====== Provided material ======
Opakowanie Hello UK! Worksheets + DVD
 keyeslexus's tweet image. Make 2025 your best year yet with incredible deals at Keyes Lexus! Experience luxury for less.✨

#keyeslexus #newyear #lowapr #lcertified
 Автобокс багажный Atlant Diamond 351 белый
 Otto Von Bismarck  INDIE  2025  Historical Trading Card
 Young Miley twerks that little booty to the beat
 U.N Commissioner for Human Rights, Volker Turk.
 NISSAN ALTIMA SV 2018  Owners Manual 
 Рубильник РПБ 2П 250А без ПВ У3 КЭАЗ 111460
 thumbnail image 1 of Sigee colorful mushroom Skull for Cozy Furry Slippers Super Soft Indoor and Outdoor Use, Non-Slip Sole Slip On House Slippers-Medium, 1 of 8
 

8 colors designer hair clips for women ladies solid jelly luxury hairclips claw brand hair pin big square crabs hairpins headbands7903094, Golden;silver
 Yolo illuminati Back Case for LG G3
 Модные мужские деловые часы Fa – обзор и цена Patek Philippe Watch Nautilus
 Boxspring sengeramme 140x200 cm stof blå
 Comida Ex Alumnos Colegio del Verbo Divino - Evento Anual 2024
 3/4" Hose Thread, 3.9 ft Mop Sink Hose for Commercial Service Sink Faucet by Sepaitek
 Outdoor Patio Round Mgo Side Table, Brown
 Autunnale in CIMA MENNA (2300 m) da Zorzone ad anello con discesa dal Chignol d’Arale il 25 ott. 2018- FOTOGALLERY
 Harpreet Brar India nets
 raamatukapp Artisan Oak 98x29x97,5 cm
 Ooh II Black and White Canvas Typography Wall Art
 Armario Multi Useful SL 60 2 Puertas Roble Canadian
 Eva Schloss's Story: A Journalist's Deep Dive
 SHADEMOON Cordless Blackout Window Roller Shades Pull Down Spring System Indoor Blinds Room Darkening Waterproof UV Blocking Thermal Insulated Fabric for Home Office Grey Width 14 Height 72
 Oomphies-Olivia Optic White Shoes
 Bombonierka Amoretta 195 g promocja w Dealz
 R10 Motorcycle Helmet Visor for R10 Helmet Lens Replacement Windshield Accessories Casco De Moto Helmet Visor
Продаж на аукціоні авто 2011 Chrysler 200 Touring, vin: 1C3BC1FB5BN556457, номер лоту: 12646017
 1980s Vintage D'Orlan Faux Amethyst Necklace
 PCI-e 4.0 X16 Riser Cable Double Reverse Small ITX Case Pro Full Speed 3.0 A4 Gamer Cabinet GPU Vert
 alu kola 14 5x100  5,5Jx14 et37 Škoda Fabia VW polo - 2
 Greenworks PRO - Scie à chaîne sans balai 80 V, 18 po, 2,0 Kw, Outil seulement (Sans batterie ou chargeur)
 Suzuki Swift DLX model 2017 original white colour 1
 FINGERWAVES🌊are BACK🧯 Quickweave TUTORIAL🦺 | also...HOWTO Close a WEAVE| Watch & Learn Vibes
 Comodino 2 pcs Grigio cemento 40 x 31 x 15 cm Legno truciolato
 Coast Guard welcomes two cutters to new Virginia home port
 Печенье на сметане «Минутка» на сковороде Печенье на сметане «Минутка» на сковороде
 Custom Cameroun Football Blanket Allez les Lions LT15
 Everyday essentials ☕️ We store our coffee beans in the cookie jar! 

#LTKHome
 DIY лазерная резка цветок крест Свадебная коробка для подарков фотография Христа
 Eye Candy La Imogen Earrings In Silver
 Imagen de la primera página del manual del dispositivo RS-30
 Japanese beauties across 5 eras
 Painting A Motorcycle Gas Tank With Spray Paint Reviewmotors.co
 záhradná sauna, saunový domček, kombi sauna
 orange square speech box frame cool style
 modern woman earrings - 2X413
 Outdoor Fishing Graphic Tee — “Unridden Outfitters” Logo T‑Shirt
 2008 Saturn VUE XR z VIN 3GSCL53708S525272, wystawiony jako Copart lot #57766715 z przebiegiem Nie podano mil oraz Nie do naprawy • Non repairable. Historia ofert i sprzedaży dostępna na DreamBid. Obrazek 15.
======
Directions.
Once the line containing "R10 Motorcycle Helmet" has been retyped, stop. Begin at the first line of the material and reproduce every line up to it exactly.

Result.
Opakowanie Hello UK! Worksheets + DVD
 keyeslexus's tweet image. Make 2025 your best year yet with incredible deals at Keyes Lexus! Experience luxury for less.✨

#keyeslexus #newyear #lowapr #lcertified
 Автобокс багажный Atlant Diamond 351 белый
 Otto Von Bismarck  INDIE  2025  Historical Trading Card
 Young Miley twerks that little booty to the beat
 U.N Commissioner for Human Rights, Volker Turk.
 NISSAN ALTIMA SV 2018  Owners Manual 
 Рубильник РПБ 2П 250А без ПВ У3 КЭАЗ 111460
 thumbnail image 1 of Sigee colorful mushroom Skull for Cozy Furry Slippers Super Soft Indoor and Outdoor Use, Non-Slip Sole Slip On House Slippers-Medium, 1 of 8
 

8 colors designer hair clips for women ladies solid jelly luxury hairclips claw brand hair pin big square crabs hairpins headbands7903094, Golden;silver
 Yolo illuminati Back Case for LG G3
 Модные мужские деловые часы Fa – обзор и цена Patek Philippe Watch Nautilus
 Boxspring sengeramme 140x200 cm stof blå
 Comida Ex Alumnos Colegio del Verbo Divino - Evento Anual 2024
 3/4" Hose Thread, 3.9 ft Mop Sink Hose for Commercial Service Sink Faucet by Sepaitek
 Outdoor Patio Round Mgo Side Table, Brown
 Autunnale in CIMA MENNA (2300 m) da Zorzone ad anello con discesa dal Chignol d’Arale il 25 ott. 2018- FOTOGALLERY
 Harpreet Brar India nets
 raamatukapp Artisan Oak 98x29x97,5 cm
 Ooh II Black and White Canvas Typography Wall Art
 Armario Multi Useful SL 60 2 Puertas Roble Canadian
 Eva Schloss's Story: A Journalist's Deep Dive
 SHADEMOON Cordless Blackout Window Roller Shades Pull Down Spring System Indoor Blinds Room Darkening Waterproof UV Blocking Thermal Insulated Fabric for Home Office Grey Width 14 Height 72
 Oomphies-Olivia Optic White Shoes
 Bombonierka Amoretta 195 g promocja w Dealz
 R10 Motorcycle Helmet Visor for R10 Helmet Lens Replacement Windshield Accessories Casco De Moto Helmet Visor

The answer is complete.